# Spark ETL Demo Python

This demo written in Python for Watson Data Studio illustrates the use of a Spark cluster to perform ETL. It imports data in flat files into Spark DataFrames, manipulates the data, aggregates it  and then writes the result out to a relational  database. The advantage of using Spark for this is scalability  (by using a larger cluster one can achieve close to linear scalability) and simplified error recovery (a failed attempt at running this ETL job can be repeated at any stage and the final result will be the same).

Step 1 Read in the source data
We read two CSV files. One has statistics about Social Security payments for the state of Texas by zipcode and the other maps US zipcodes to US counties so we can aggregate the Social Security data by county rather than zipcode.

Grab the input data files from Github and stick them in in gpfs using wget

In [None]:
# Install wget if you don't already have it.
!pip install wget

In [None]:
import wget

link_to_ssdata = 'https://raw.githubusercontent.com/djccarew/sparketldemo/master/data/oasdi-tx-clean.csv'
link_to_zipdata = 'https://raw.githubusercontent.com/djccarew/sparketldemo/master/data/zip_codes_states.csv'
social_security_data_file = wget.download(link_to_ssdata)

print(social_security_data_file)

zipcode_data_file = wget.download(link_to_zipdata)

print(zipcode_data_file)


Read in the Social Security data file into a DataFrame using a schema. Note the schema can be inferred but the inferred schema typically converts various numeric types to string so it's better to specify the schema so you know what you end up with 

In [None]:

from pyspark.sql.types import StructType, StructField, IntegerType, StringType, DoubleType
from pyspark.sql import SparkSession
spark = SparkSession.builder.getOrCreate()
ssdata_schema = StructType([
    StructField("Zip", StringType(), False),
    StructField("NumTotal", IntegerType(), False),
    StructField("NumRetired", IntegerType(), False),
    StructField("NumDisabled", IntegerType(), False),
    StructField("NumWidowerOrParent", IntegerType(), False),
    StructField("NumSpouses", IntegerType(), False),
    StructField("NumChildren", IntegerType(), False),
    StructField("BenTotal", IntegerType(), False),
    StructField("BenRetired", IntegerType(), False),
    StructField("BenWidowerOrParent", IntegerType(), False),
    StructField("NumSeniors", IntegerType(), False)])
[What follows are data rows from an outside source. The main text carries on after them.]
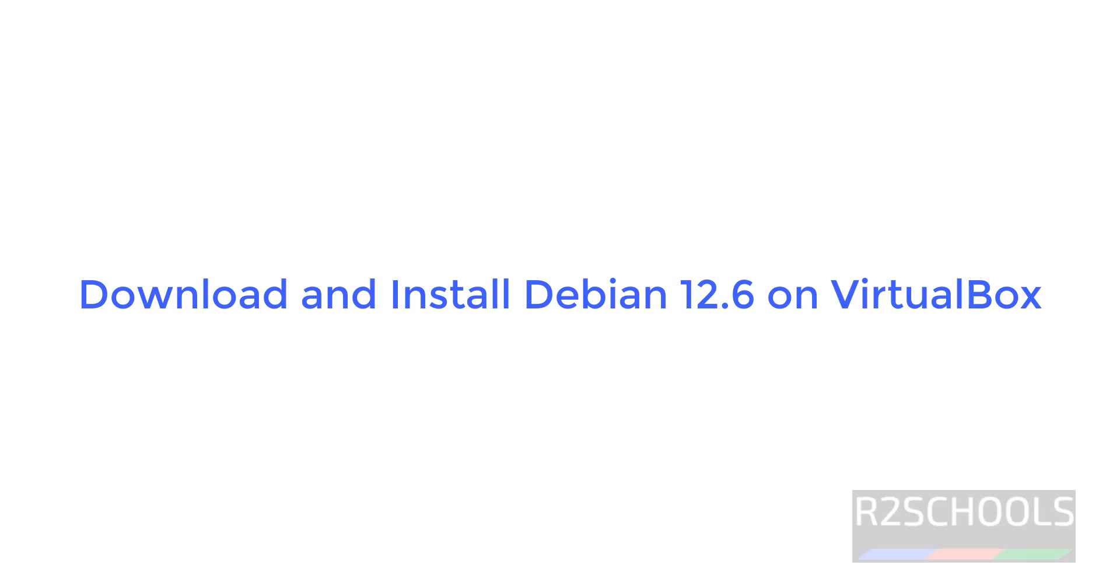Hello guys, in this video we will see how to download and install Debian 12.6 on VirtualBox.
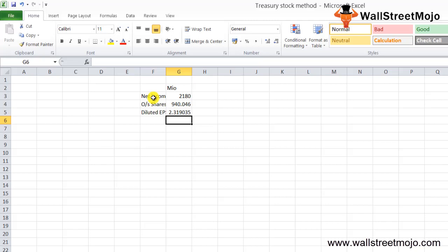Now let's understand the following questions: What is done with the option proceeds? The company receives funds from employees on exercise of the option. Can these option proceeds be used in some way to reduce the impact of dilution? Yes — that is the Treasury Stock Method. The Treasury Stock Method assumes that options and warrants are exercised at the beginning of the year, or at the date of issue if later, and the proceeds from exercising the options and warrants are used to purchase common stock from the Treasury. There is no adjustment to the net income upon exercise of the options or warrants.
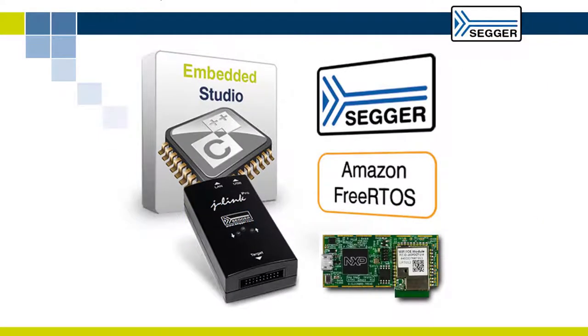This video shows you how to run the Amazon FreeRTOS demo application for the NXP LPC54018 IoT module using SEGGER Embedded Studio IDE and SEGGER J-Link.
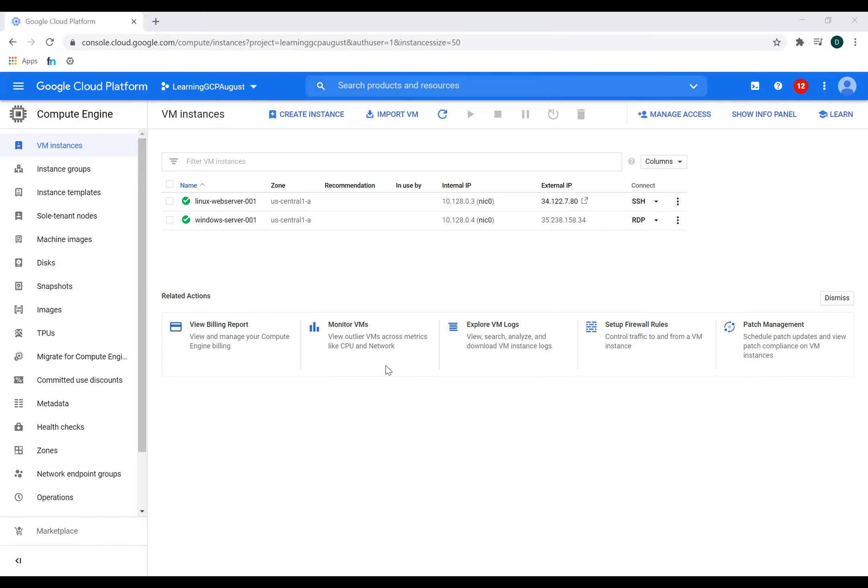And here we are. So I'm connected to a Windows 2012 R2 server. So in this lab, we learn how to create a compute engine Windows machine and we saw how to log in inside this machine.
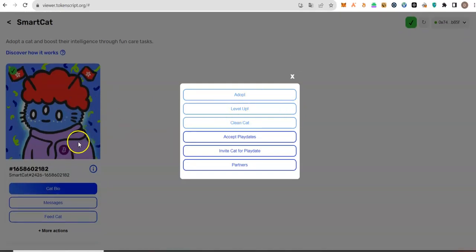Play around with the features as we await more feature updates and possibly a drop from smart layer. Thank you for watching this tutorial. I will see you in the next one.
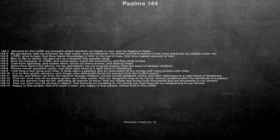Bow thy heavens, O Lord, and come down, touch the mountains, and they shall smoke.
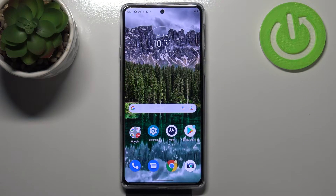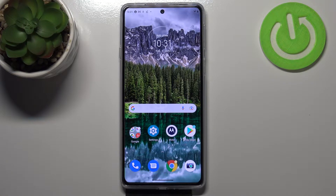Hi everyone. In front of me I've got the Motorola Edge 20, and let me share with you how to show battery percentage on the status bar in this device.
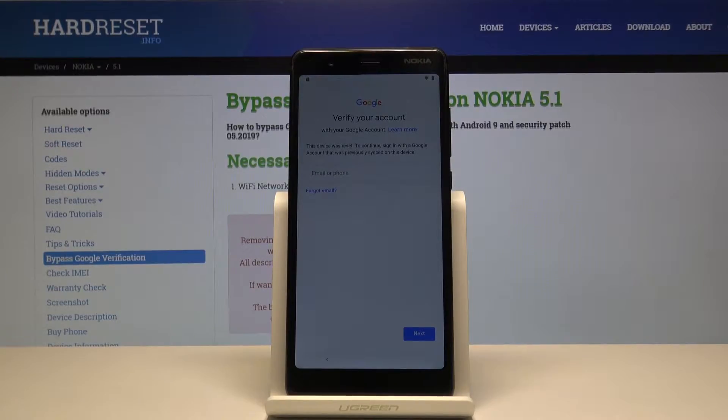Welcome! In front of me is a Nokia 5.1 and today I will show you how to bypass the Google verification screen.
df_ssdata_raw = spark.read\
  .format('org.apache.spark.sql.execution.datasources.csv.CSVFileFormat')\
  .option('header', 'true')\
  .load(social_security_data_file, schema=ssdata_schema)
    
df_ssdata_raw.printSchema()


Repeat for zipcode data file

In [None]:
zipdata_schema = StructType([
    StructField("Zip", StringType(), False),
    StructField("Latitude", DoubleType(), False),
    StructField("Longitude", DoubleType(), False),
    StructField("City", StringType(), False),
    StructField("State", StringType(), False),
    StructField("County", StringType(), False)])
    

df_zipdata_raw = spark.read\
  .format('org.apache.spark.sql.execution.datasources.csv.CSVFileFormat')\
  .option('header', 'true')\
  .load(zipcode_data_file, schema=zipdata_schema)
df_zipdata_raw.printSchema()

### Step 2 Transform raw source data

Only need County name and zip code columns for this demo so we don't use the other columns in the zipcode data

In [None]:
df_counties = df_zipdata_raw.select('Zip','County')
df_counties.printSchema()

Join Social Security data with zipcode data to add a County column to Social Security data

In [None]:
df_ssdata_counties = df_ssdata_raw.join(df_counties, "Zip")
df_ssdata_counties.printSchema()

Don't need the zipcode column anymore since we'll be aggregating by County instead

In [None]:
df_ssdata_counties = df_ssdata_counties.drop("Zip")
df_ssdata_counties.printSchema()

Create a temp view so we can do the "by county" aggregation via SQL rather than using the Spark SQL DataFrame API. (Doing it via SQL is usually easier)

In [None]:
df_ssdata_counties.createOrReplaceTempView("aggregated_by_county")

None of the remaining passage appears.